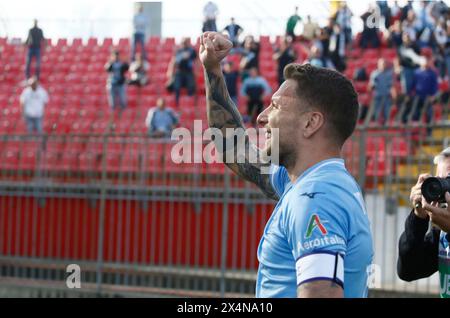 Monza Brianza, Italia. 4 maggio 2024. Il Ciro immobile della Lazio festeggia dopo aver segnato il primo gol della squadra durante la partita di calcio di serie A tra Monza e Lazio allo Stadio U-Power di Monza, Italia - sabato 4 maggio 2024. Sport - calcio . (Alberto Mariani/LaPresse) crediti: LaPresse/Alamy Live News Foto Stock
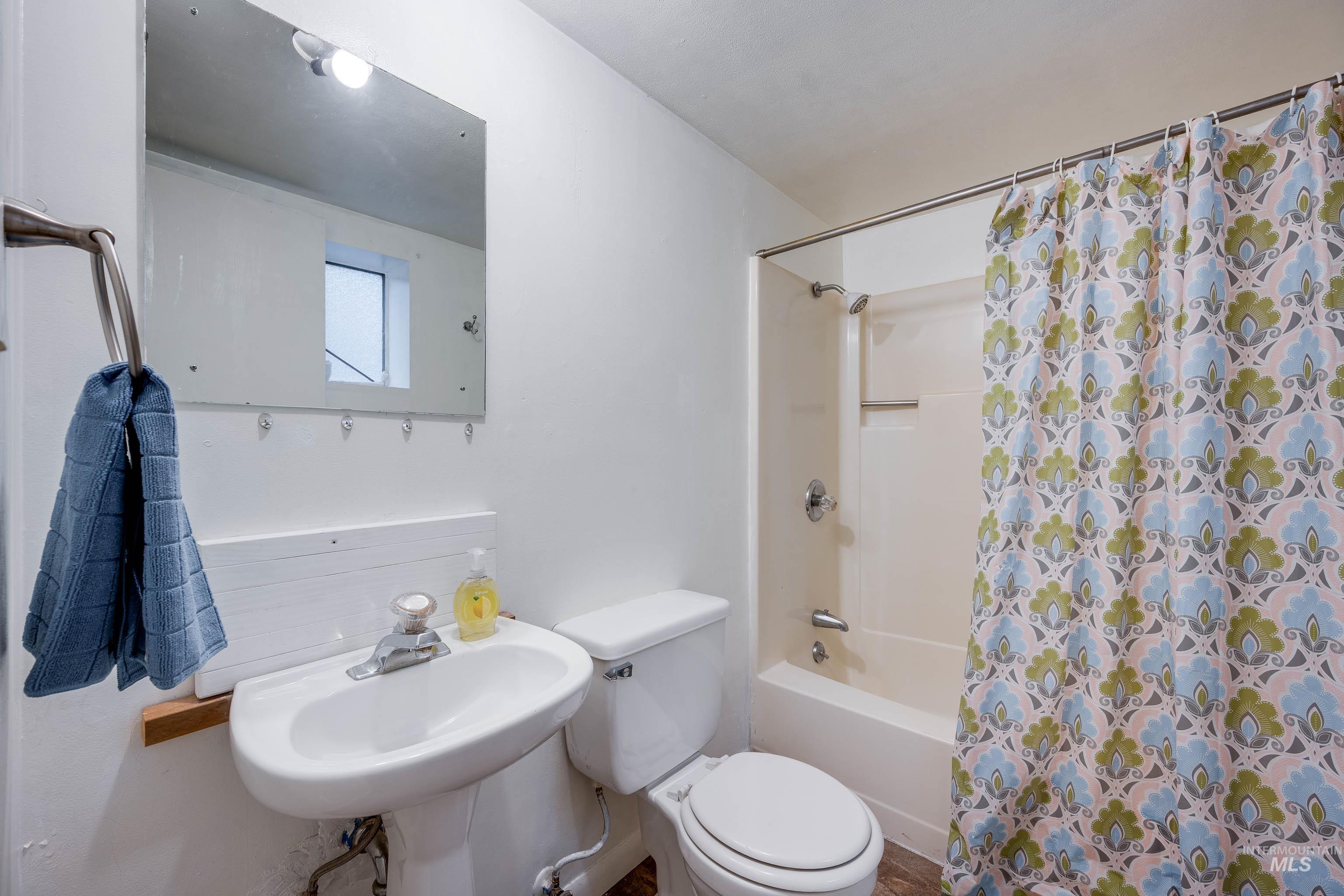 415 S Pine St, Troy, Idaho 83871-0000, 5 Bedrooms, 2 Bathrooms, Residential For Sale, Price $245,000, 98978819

==

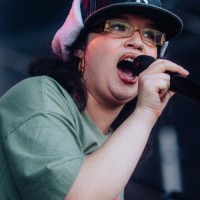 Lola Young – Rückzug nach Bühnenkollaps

→ EXERCISE
What's needed is an exact copy of the records above from the line containing "Monza Brianza, Italia." down to the line containing "415 S Pine St, Troy, Idaho", both included, without any pictures.

→ RESULT FOR THIS EXERCISE
 Monza Brianza, Italia. 4 maggio 2024. Il Ciro immobile della Lazio festeggia dopo aver segnato il primo gol della squadra durante la partita di calcio di serie A tra Monza e Lazio allo Stadio U-Power di Monza, Italia - sabato 4 maggio 2024. Sport - calcio . (Alberto Mariani/LaPresse) crediti: LaPresse/Alamy Live News Foto Stock
 415 S Pine St, Troy, Idaho 83871-0000, 5 Bedrooms, 2 Bathrooms, Residential For Sale, Price $245,000, 98978819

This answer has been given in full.